Problem description —
Find the line below with "vehicle image #27" and the line with "Narcao, razzia al". Output them and the lines between, exactly, but not the pictures.

Material provided —
───

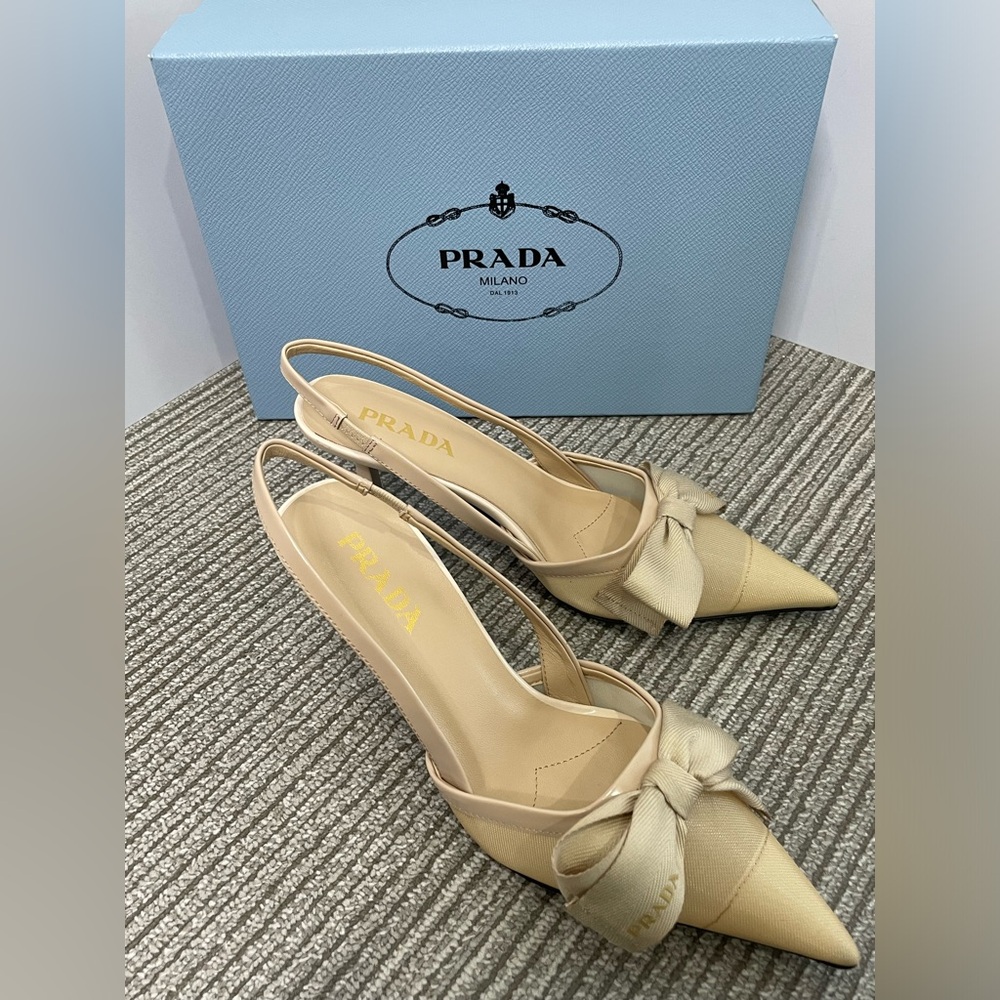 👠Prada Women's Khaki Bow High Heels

───

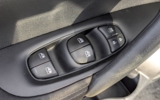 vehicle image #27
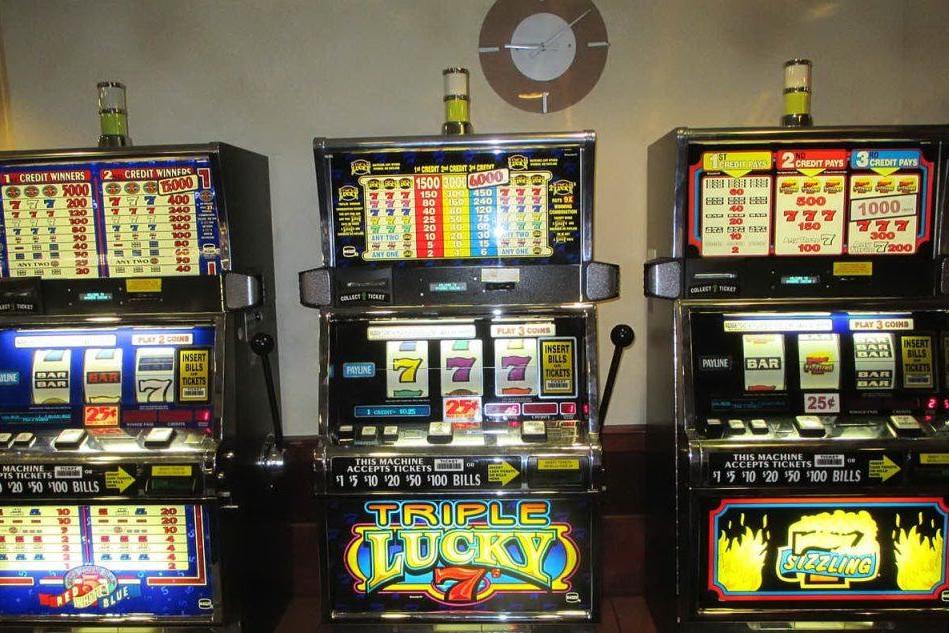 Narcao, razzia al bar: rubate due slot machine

───

Output —
 vehicle image #27
 Narcao, razzia al bar: rubate due slot machine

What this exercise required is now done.